Интересный материал предлагает проза Салтыкова-Щедрина. Визуальный облик текстов его произведений выглядит достаточно авангардно для литературы XIX столетия и сочетает в себе визуальные приметы всех родов: фрагменты, оформленные драматургической разбивкой («Благонамеренные речи», «Губернские очерки»), и текст представления под названием «Мальчик в штанах и мальчик без штанов» («За рубежом») и там же «драматический разговор» в одном действии «Граф и репортёр», имитация внешнего вида газетного объявления, т. е. когда текст объявления выделен расположением симметрично центральной оси страницы («Днев-
Т.Ф. Семьям
ник провинциала в Петербурге»), таблицы цен и счетов («Современная идиллия», «Господа Головлёвы»), графические эквиваленты и пробелы.
Основываясь на восприятии только лишь визуального облика текста и до начала собственно процесса чтения, читатель может определить: 1) жанровую принадлежность произведения: решающую роль здесь играет также визуально определяемый объём произведения — объёмный том предполагает жанр романа, малый сигнализирует, что предстоит чтение произведений, относимых к средней и малой форме: повести или рассказа; 2) начало новой мысли, т. к. по сложившейся в прозе классического типа традиции абзацные отступы выступают маркерами нового смыслового блока текста; соответственно 3) начало новой части произведения, т. к. традицией сформированы принципы рубрикации: названия (глав, частей и т. д.) вынесены в отдельную строку и могут быть расположены симметрично центральной оси страницы; 4) эмоциональную модальность текста: парцелляция и частота использования вопросительных и восклицательных знаков позволяют судить об эмоциональной насыщенности текста. Неслучайно Р. Арнхейм заметил, что структура (визуальное членение текста) изображает его содержание [11, с. 109].

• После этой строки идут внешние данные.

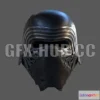 1521540 - PBR Game 3D Models - GeT=MoRe=gfx=hub=co=Kylo Ren Helmet 3D Max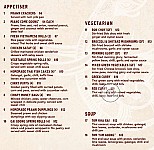 Nung Len formerly Opium Den menu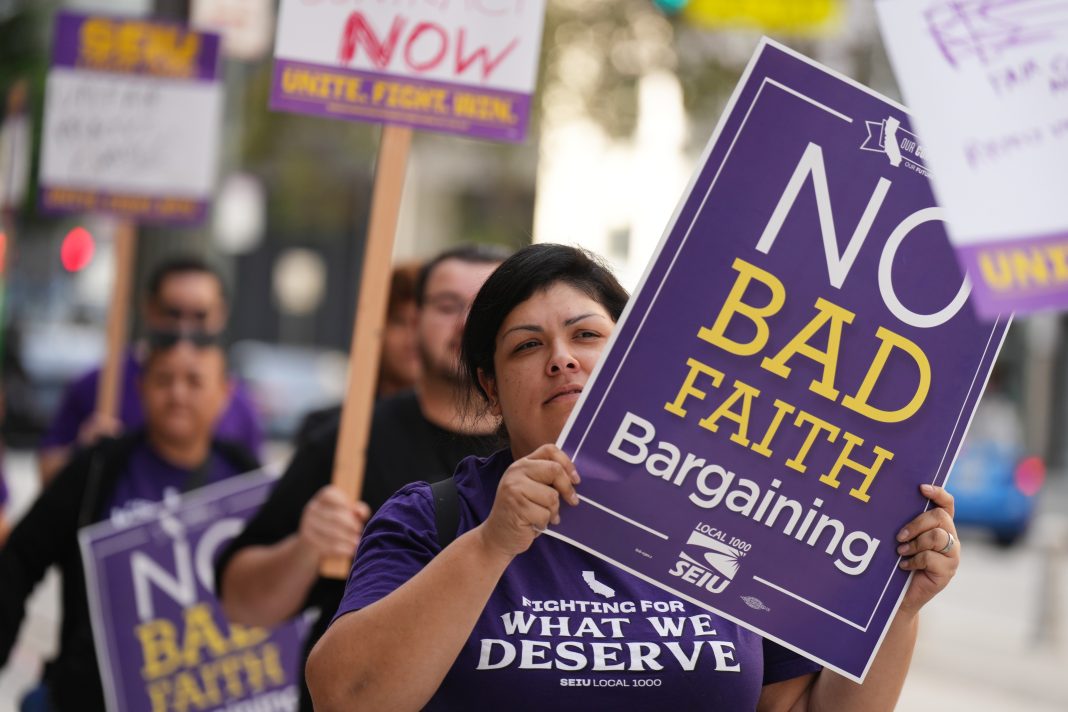 California state workers begin 1-day strike over return-to-office mandate, pay and healthcare Apple App Store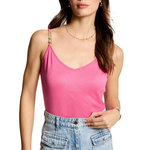 MORGAN Débardeur  Femme  organ Fantaisie. Coloris disponibles : Rose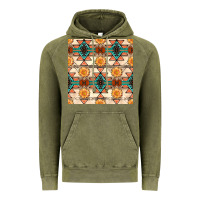 Vintage Olive native american aztec seamless pattern 1 Vintage Hoodie - BundleAndBundleShop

Указанные особенности являются общими характеристиками визуального облика прозаических текстов классического типа и продолжают функционировать в XX веке и в текстах современных авторов. Но существует большое поле произведений неклассического типа с другой визуальной организацией.
В XX веке произошла кардинальная трансформация визуальной стратегии прозы, что было детерминировано изменившимися принципами наррато-логии, в том числе произошедшим разрушением традиционной сюжетности. Уже в конце XIX века наступил момент усталости от больших романных форм. В дневниковой записи 1897 года Л. Толстой выражал своё неудовлетворение традиционным романом; писателя больше не устраивали традиционные сюжеты и обязательные описания природы, он выражал желание отойти от существующих повествовательных структур к форме, близкой потоку сознания.
Ассоциативность как принцип построения образа свойственна XX веку в целом. Интересно вспомнить идею А. Ремизова создать книгу без сюжета, без судьбы человека, положенной в основу композиции. Показательны теоретические декларации и литературная практика формалистов, использующих приём декомпозиции для демонстрации изначальной «сделанности» произведения. «Я должен был дать мотивировку появлению не связанных между собой отрывков ... и когда я положил куски уже готовой книги на пол и сел сам на паркет и начал склеивать книгу, то получилась другая, не та книга, которую я делал», — писал В. Шкловский в
рецензии на книгу «Гамбургский счёт», объясняя приём создания своего романа «ZOO» [12, с. 108].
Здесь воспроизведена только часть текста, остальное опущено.